World Premiere

Nova Linea Musica Presents L'dor v'dor, May 6, 2026 in Chicago

Soprano Arianna Zukerman, mezzo-soprano Heather Johnson, and pianist Jason Wirth come together on May 6, 2026 at Guarneri Hall for an evening of Jewish American composers including Leonard Bernstein, Aaron Copland, and Ricky Ian Gordon, closing with the world premiere of a new NLM commission by David Hanlon.

Publish Date: 

April 19, 2026

From Generation to Generation: Nova Linea Musica Presents L'dor v'dor on May 6

Composer David Hanlon

L'dor v'dor. From generation to generation. It is one of the most foundational phrases in Jewish tradition - the idea that what we inherit, we pass forward. On May 6, 2026, Nova Linea Musica brings that idea into a concert hall, with a program built entirely around the legacy and evolution of Jewish American composers, anchored by a world premiere.

Soprano Arianna Zukerman, mezzo-soprano Heather Johnson, and pianist Jason Wirth come together at Guarneri Hall for an evening of vocal works spanning composers Leonard Bernstein, Aaron Copland, Gerald Cohen, David Leisner, Ben Moore, Alex Weiser, André Previn, Ricky Ian Gordon, Neil Radisch, and Kurt Weill (arr. Jason Wirth). The concert concludes with the world premiere of a new NLM-commissioned work by composer David Hanlon.

Soprano Arianna Zukerman

Arianna Zukerman

Soprano Arianna Zukerman was born into music. Her father is violinist, violist, and conductor Pinchas Zukerman; her mother is flutist, writer, and arts broadcaster Eugenia Zukerman. She has built a career entirely her own. Renowned for her pure, luminous, rich soprano, persuasive performances, and dramatic ability, Zukerman is considered one of the premier vocal artists of her generation. Her connection to Jewish musical tradition runs deep: she is the soloist on the GRAMMY-nominated 2013 Naxos recording of James Whitbourn's oratorio Annelies, the first major choral setting of the Diary of Anne Frank. As a granddaughter of Holocaust survivors, the work carries particular personal weight. She has performed it at Alice Tully Hall at Lincoln Center, at the National Cathedral in Washington, D.C., and on stages across the country and abroad.

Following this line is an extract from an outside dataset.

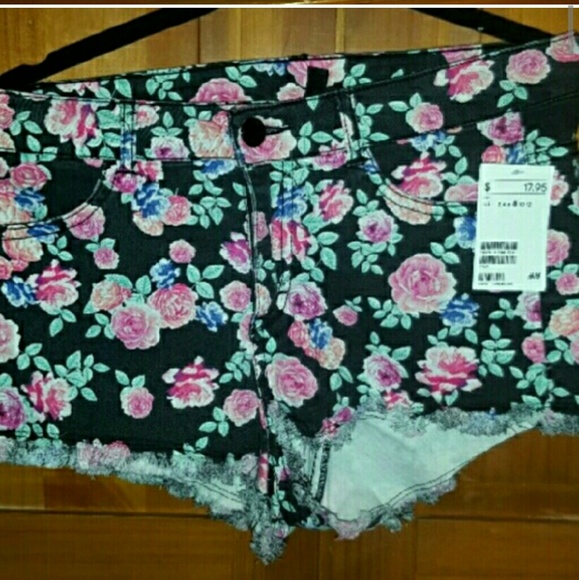 NWT H&M Floral Denim Cutoff Shorts - Picture 3 of 3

Mezzo-soprano Heather Johnson

Heather Johnson

Mezzo-soprano Heather Johnson is hailed by Opera News as "a dramatic singer in the truest sense." She has sung with companies including the Metropolitan Opera, New York City Opera, Dallas Opera, Boston Lyric Opera, and the Volkstheater in Rostock, Germany, in roles including the title roles in Bizet's Carmen, Rossini's Cenerentola and Tancredi, and Purcell's Dido and Aeneas. A devoted champion of new American opera, she has created leading roles in multiple world premieres. Her connection to Jewish musical repertoire is notable: among her credits is the mezzo soloist in Thomas Beveridge's Yizkor Requiem - a work of memorial and remembrance - at Carnegie Hall.

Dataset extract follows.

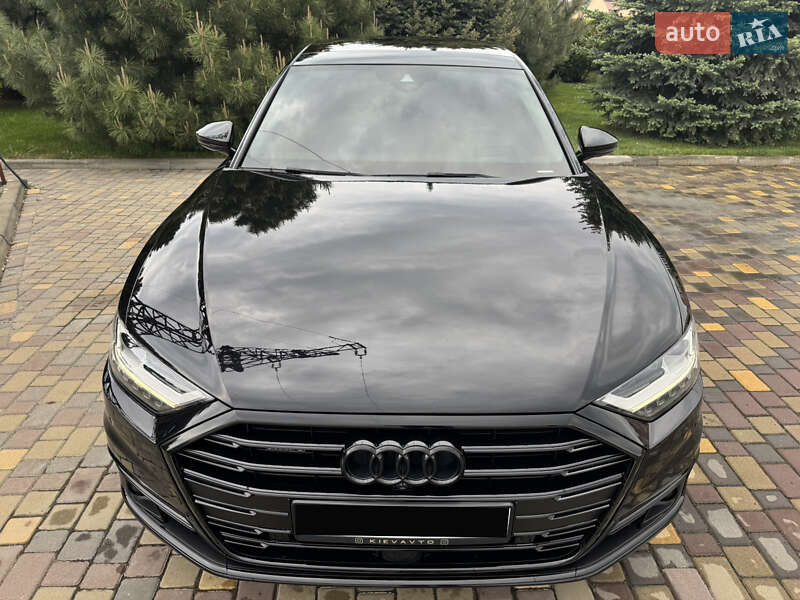 Седан Audi A8 2018 в Днепре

David Hanlon and the World Premiere

The evening closes with a world premiere. Composer David Hanlon, praised by Maestro Patrick Summers as "one of the major compositional voices of the young generation," has been commissioned by Nova Linea Musica to create a new work for this program. Hanlon is a composer whose range spans chamber opera, song cycle, and orchestral music, with premieres at Houston Grand Opera, Wolf Trap Opera, the Kennedy Center, and Lyric Opera of Chicago. He is a former Adler Fellow with San Francisco Opera and an alumnus of the Houston Grand Opera Studio.

The new NLM commission, Ki Ger Anokhi Imakh (For I am a stranger among you), draws its inspiration from Psalm 39:12-13, a text of extraordinary weight and beauty: "Hear my prayer, O Lord, and give ear to my cry; hold not your peace at my tears. For I am a sojourner with you, a guest, like all my fathers. Look away from me, that I may smile again, before I depart and am no more."

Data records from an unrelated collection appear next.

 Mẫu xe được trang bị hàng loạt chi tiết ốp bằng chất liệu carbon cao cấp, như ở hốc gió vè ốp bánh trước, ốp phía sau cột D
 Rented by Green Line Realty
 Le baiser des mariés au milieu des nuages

It is a psalm about impermanence - about being a stranger passing through, about the need to be heard before time runs out. In the context of a program about Jewish American composers and the tradition of passing music forward from generation to generation, the text resonates on every level. The world premiere on May 6 will be the first time this music is ever heard.

The Program

L'dor v'dor features works by Leonard Bernstein, Aaron Copland, Gerald Cohen, David Leisner, Ben Moore, Alex Weiser, André Previn, Ricky Ian Gordon, Neil Radisch, and Kurt Weill (arr. Jason Wirth), alongside the world premiere of David Hanlon's NLM commission Ki Ger Anokhi Imakh (For I am a stranger among you). The pre-concert discussion begins at 5:45pm. The concert begins at 6:30pm.

Tickets are $40 and include the pre-concert discussion, the concert, and a chef-curated reception. Tickets at guarnerihall.org.